Robinson has no doubt given the team a nice spark over the last few games, but Beltran is one of the greatest postseason performers of all time and Robinson simply can't replace him if he does in fact miss significant time.
Jon Lester Steps His Game Up in the Fall Classic
Consecutive Scoreless Innings to start WS Career: 13.1
Boston Record: 17 (Jim Lonborg, 1967)
The Red Sox have a long and storied history, so breaking into their record books is no easy feat, but Jon Lester took a big step towards doing just that on Wednesday with his 7.2 scoreless innings of work.
That outing, combined with his first and only other World Series start back in 2007 when he threw 5.2 scoreless innings against the Rockies, gives him the third-longest scoreless innings streak to open a career in team World Series history.
Bruce Hurst (15.1 IP in 1986), Luis Tiant (13.1 in 1975) and Dave Ferriss (10.1 in 1946) join Lester in double-digits, as the left-hander will be gunning for the team record his next time out.
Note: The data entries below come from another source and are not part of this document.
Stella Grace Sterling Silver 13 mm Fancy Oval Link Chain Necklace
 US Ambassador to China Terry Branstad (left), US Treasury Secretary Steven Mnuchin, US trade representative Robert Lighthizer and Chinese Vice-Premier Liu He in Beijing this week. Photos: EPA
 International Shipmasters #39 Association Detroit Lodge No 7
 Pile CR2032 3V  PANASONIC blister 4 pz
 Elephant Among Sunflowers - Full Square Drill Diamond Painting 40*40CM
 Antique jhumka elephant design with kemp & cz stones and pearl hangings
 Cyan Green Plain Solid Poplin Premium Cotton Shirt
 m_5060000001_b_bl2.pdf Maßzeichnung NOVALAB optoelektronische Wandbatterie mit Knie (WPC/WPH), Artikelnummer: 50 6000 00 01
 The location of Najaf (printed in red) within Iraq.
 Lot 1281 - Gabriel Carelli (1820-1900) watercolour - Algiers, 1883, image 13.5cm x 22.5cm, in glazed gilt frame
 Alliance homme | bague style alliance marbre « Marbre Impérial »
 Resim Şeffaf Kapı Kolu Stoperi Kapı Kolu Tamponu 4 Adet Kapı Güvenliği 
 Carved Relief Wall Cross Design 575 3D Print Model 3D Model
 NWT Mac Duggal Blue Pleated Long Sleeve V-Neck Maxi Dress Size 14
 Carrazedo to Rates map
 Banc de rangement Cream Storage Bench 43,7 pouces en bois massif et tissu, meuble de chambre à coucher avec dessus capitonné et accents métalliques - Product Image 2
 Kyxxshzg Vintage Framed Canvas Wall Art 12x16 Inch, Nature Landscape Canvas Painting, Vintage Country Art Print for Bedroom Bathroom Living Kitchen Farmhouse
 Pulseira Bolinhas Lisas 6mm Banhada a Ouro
Lester was the unquestioned ace of the Red Sox staff entering the postseason, and he's proven he deserves that title so far this October.
*It's worth noting, Babe Ruth allowed a run in his very first inning of World Series work back in 1916, then rattled off a then-record 29.2 consecutive scoreless innings extending two starts into the 1918 World Series. That record stood until 1961, when Whitey Ford set the current record with 33.2 straight shutout innings.
Game 1 Winners Go on to Win It All 63% of the Time
Since 1903 (First World Series), Game 1 winners are: 68-40 (63%)
Since 1969 (Addition of LCS), Game 1 winners are: 30-14 (68%)
Since 1995 (Addition of LDS) Game 1 winners are: 16-3 (84%)
Winning Game 1 is certainly a nice start to any teams hopes of capping off a title run, but how big of a step is a Game 1 victory?
Up until the addition of the Division Series in 1995, teams that won Game 1 of the World Series went a combined 52-37 (.584), so while there was a slight advantage towards the Game 1 winner, it was not an eye-popping advantage by any means.
However, since the Wild Card was introduced and the playoff format was changed in 1995, the team winning Game 1 is 16-3 in the World Series, so it would seem the Red Sox took a major step in jumping out to an early series lead.